Syrian President Ahmed Al-Sharaa meets with President Trump at the White House on Monday, continuing the surprising transformation of the man who was branded until three days ago as the Internatic government of his government.
The former leader of Al-Qaeda’s contacts in Syria abandoned Islamic extremism after rising to lead his war-torn country. About a year ago, he led his rebel soldiers to force Longtime dictator Bashar al-Assad is out of office and deportation to Russia.
Syria has been crippled for decades by sanctions imposed by the US and other nations against Assad, and Monday’s meeting at the White House saw the country witness a continuation of the normalized freeze.
The White House hopes that Syria will officially join ISIS, its own Al-Sharraa Al-Sham, when it goes by the Nom de Guerre Abu Mosemmed Al-Golani.
He may sign a formal agreement with President Trump during their meeting of the people on Monday – which will be the third of them so far – to cooperate in the opposition. If it happens, it would be a huge symbolic moment, indicating a 180-degree shift in how Syria is viewed by the US government.

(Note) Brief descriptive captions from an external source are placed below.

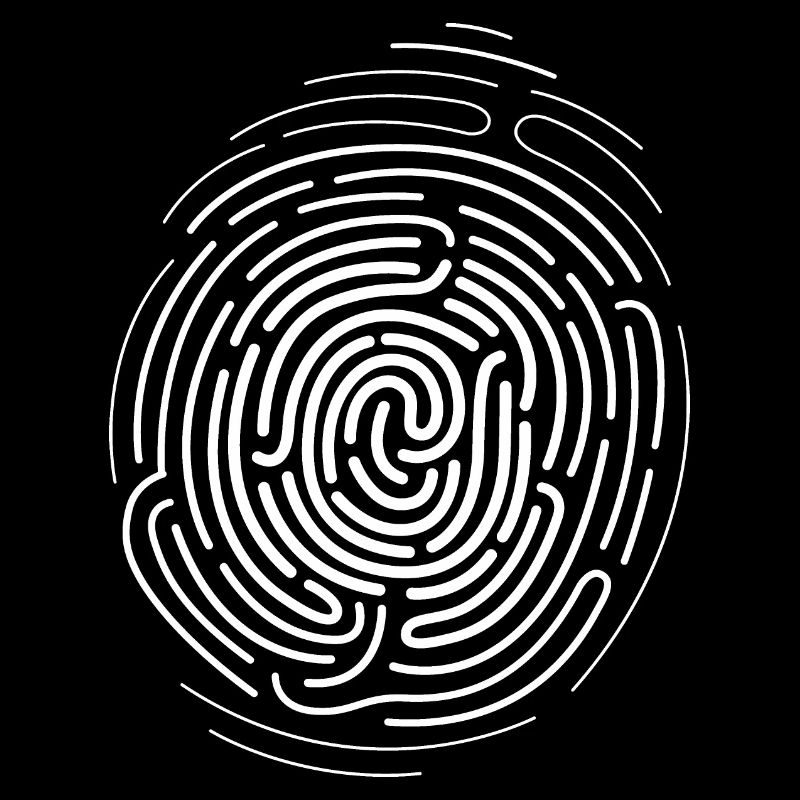 Empreinte digitale ADN pouce icône logo image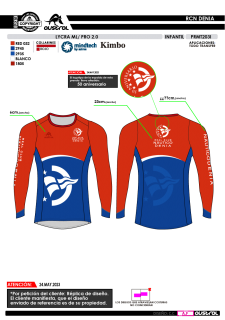 Lycra ML PRO 2.0 - Rojo 2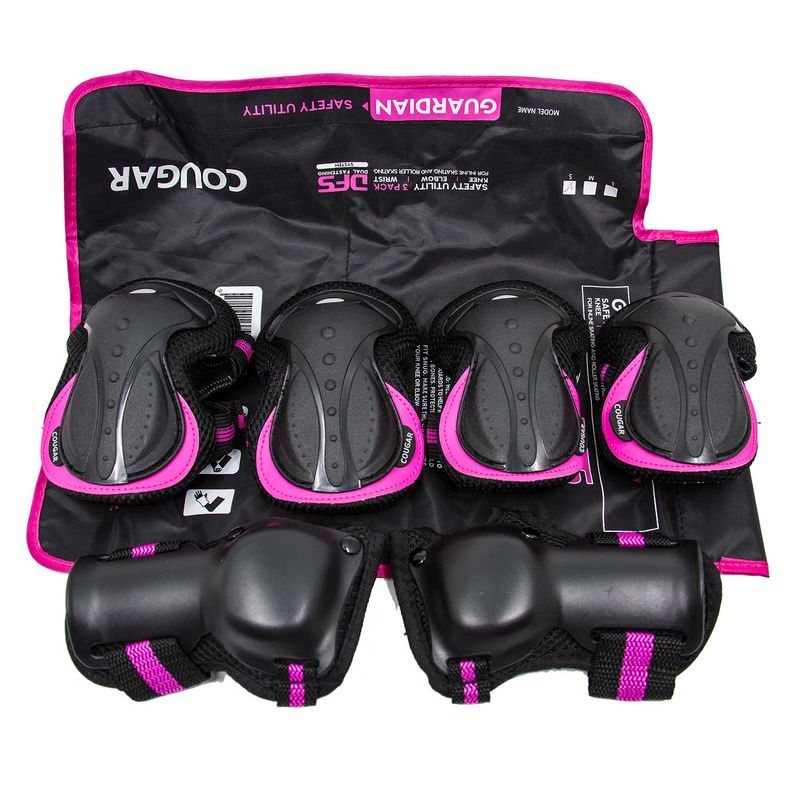 COUGAR - Set de protecciones Cougar Fucsia L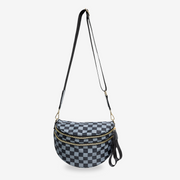 Black & Blue Checkered
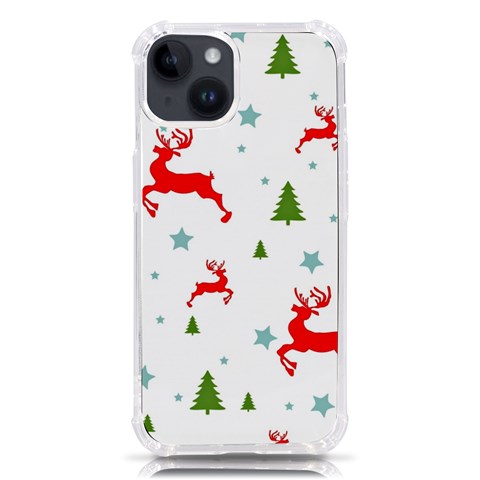 Christmas Texture, Pattern, Red, Craciun, Christmas, Snowflake, iPhone 14 TPU UV Print Case from ArtsNow.com Front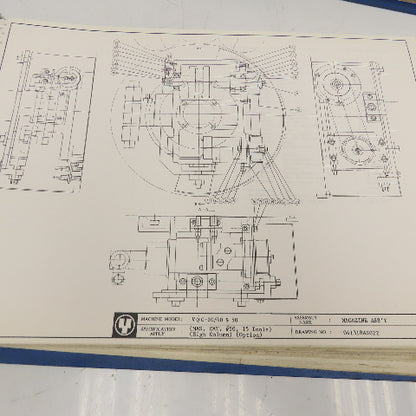 Yamazaki Mazak CAM M-2 Programming Parts List, Electrical Diagram Books Lot Of 3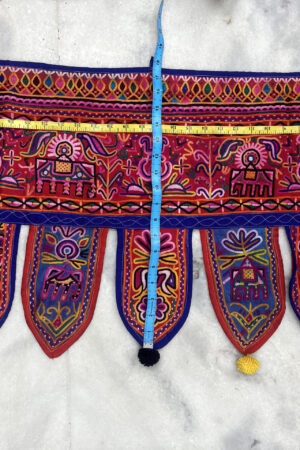 Vintage Handcrafted Kutch Embroidery Toran | Traditional Indian Door Hanging | Boho Wall Decor | Gujarati Textile Art | Ethnic Home Decor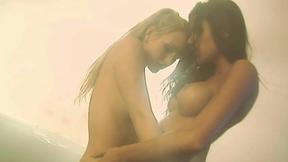 ”Lesbian Girls in mystic copulation act with candles steam”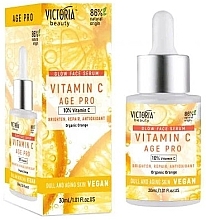 Serum do twarzy z witaminą C - Victoria Beauty C Age Pro Glow Face Serum — Zdjęcie N2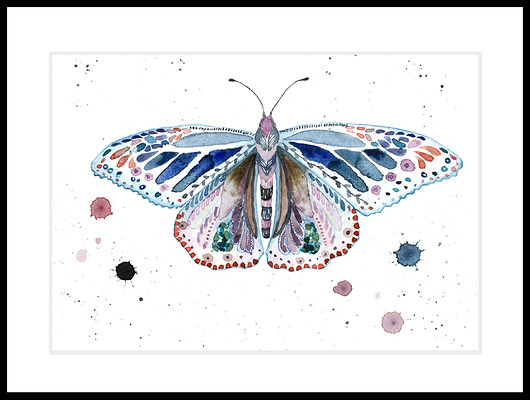 Ćma deco, 21x30 cm, A4 JUST ILUST Justyna Małczak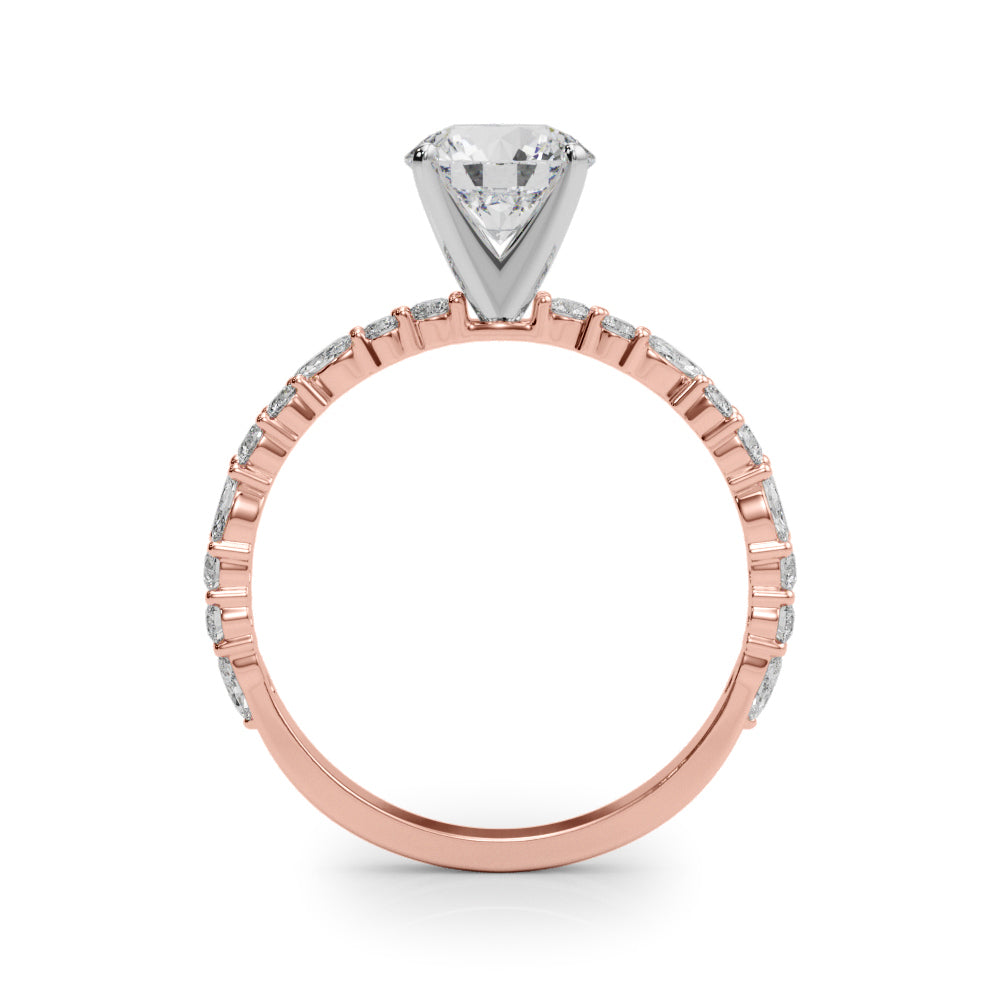 Round Marquise Diamond Engagement Ring · 0.42 ct tw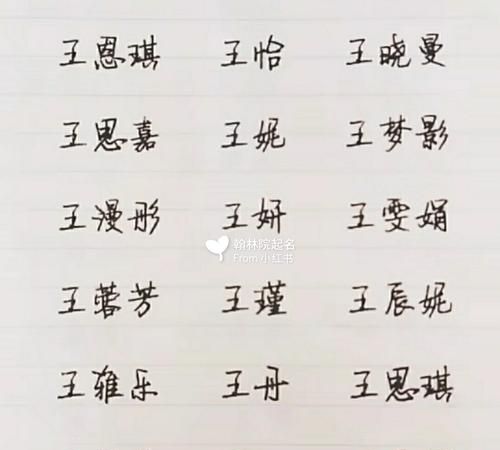 姓王的名字女孩好听,王姓女孩什么名字最好听图4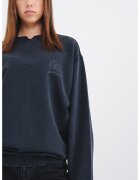 Tommy Jeans Bluza de trening relaxed fit cu aspect uzat - Gri carbune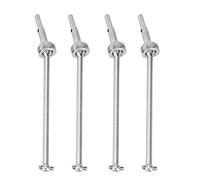 Ujjdwiurgh Lot de 4 arbres d'entraînement universels en métal CVD 104001-1927 pour 104001 1/10 RC Pièces de rechange Accessoires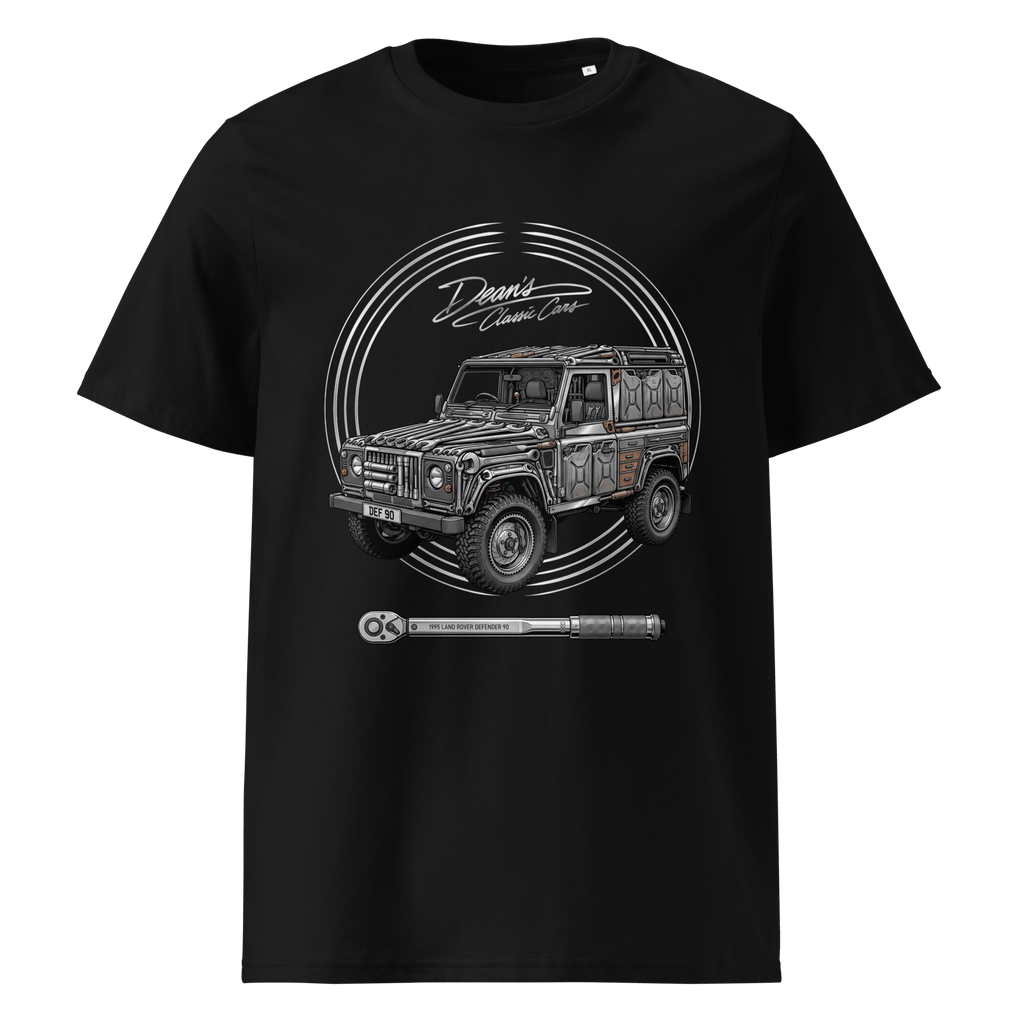 Defender Ninety Jerry Can T-Shirt - Dean's Classic Cars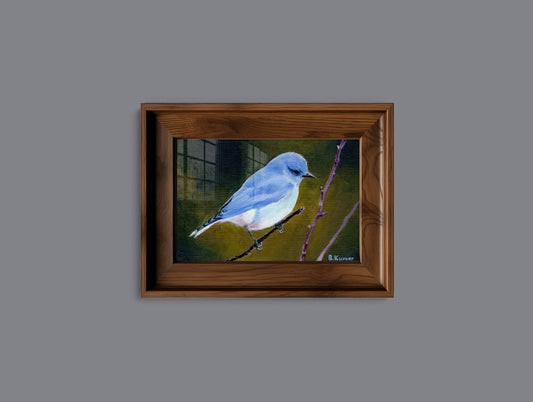 Art Print of Mountain Bluebird Painting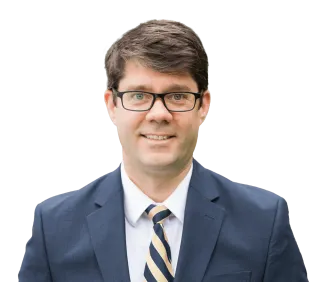 Headshot of Adam Bergeron, a Burlington-based mass tort litigation lawyer at Morgan & Morgan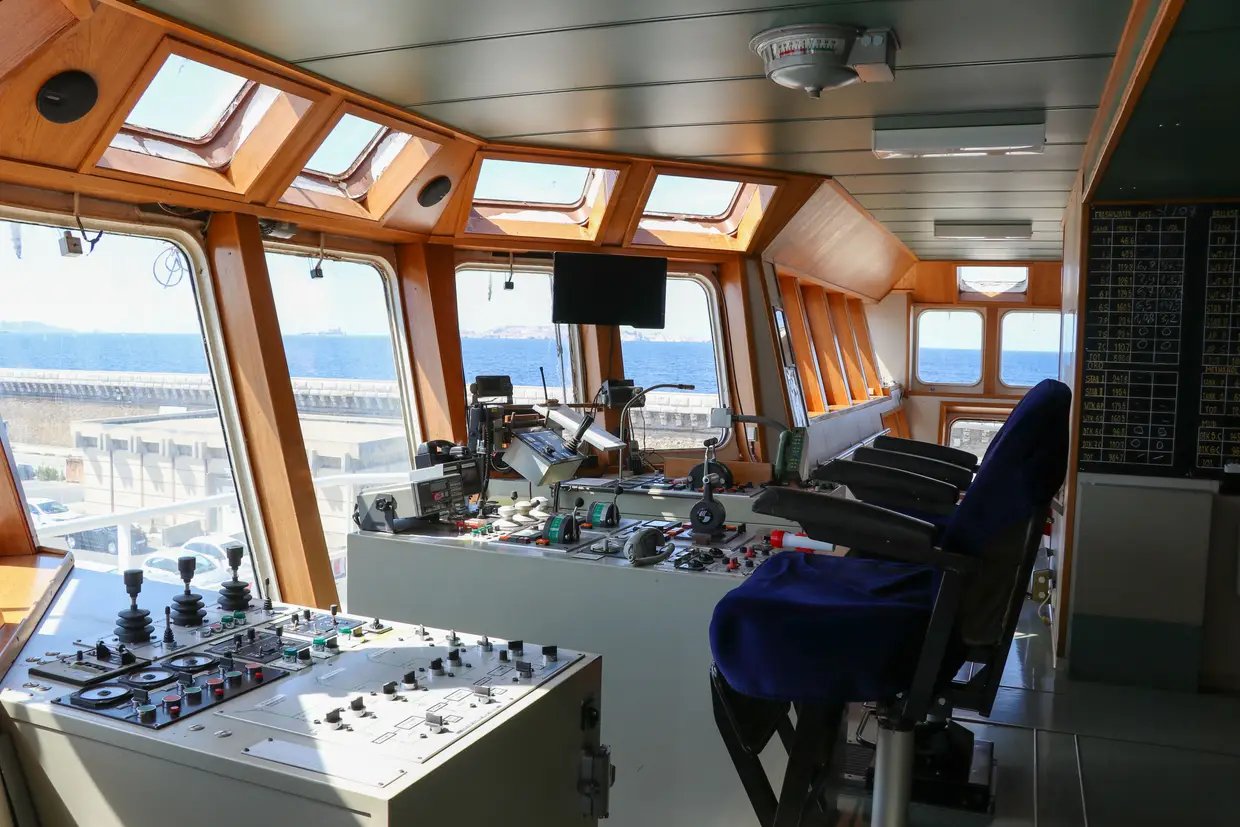 O Ocean Viking no porto de Marselha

Under ASSAD nearly 12 years ago, Isis was allowed to grow and shrink into one of the most powerful terrorist organizations in the world. At one time, it controlled a large country in the world that passes through Syria-Iraq.
After meeting with Al-Sharaa for the first time in Saudi Arabia in May, Mr. Trump called the Syrian leader “a young, attractive, tough guy, with a tough past.”
Saudi Press Agency / Handout / Reuters
Over the weekend, he also became the first Syrian leader to shoot some hoops with the US military. A video shared Saturday by the Syrian foreign ministry shows him barking a three-pointer as he plays with a US admiral and a brigadier general at an undisclosed US location.
But by Friday morning, the President of Syria had been officially designated as the terrorist by the US government, as he had been suggested since the end of the day.
There may also be a discussion at the White House on Monday about the formal lifting of economic sanctions on Syria, where Mr. Trump passed in May in great succession.
That order removed sanctions on Syria, “while maintaining sanctions on the former President, human rights abusers, drug dealers,” Iranian House Press Secretary Caroline Leavett said in June.
The Al-Sharaa Charmetional government has been pressuring the Trump administration with allegations of aid for months, and the work was continuing to ease some sanctions even before the announcement, but some measures still need to be formally revoked by Congress.
In an apparent bid to show its determination to crack down on Isis and other extremists, the Syrian government announced that more than 70 members of the group had been detained hours before Al-Sharaa arrived in Washington.
In September, speaking to the UN general assembly in New York – the first time a Syrian leader had done so in nearly six years – Al-Sharaa told the assembled leaders that his country was ‘reclaiming its place among the nations of the world.’
But to regain its place, it also needs to rebuild – a Herculean task Al-Sharraa recently told CBS News’ Margaret Brennan in an interview with 60 Minutes it is probably worth $600-$900 billion.
He stressed that it will require the help of the international community.
“The world has watched this tragedy unfold for 14 years and has been unable to do anything to stop this heinous crime,” he said of the Syrian civil war. “Therefore, the world today must give support to Syria.”
On Monday, he is likely to ask the leader of the world’s richest nation to help if he can.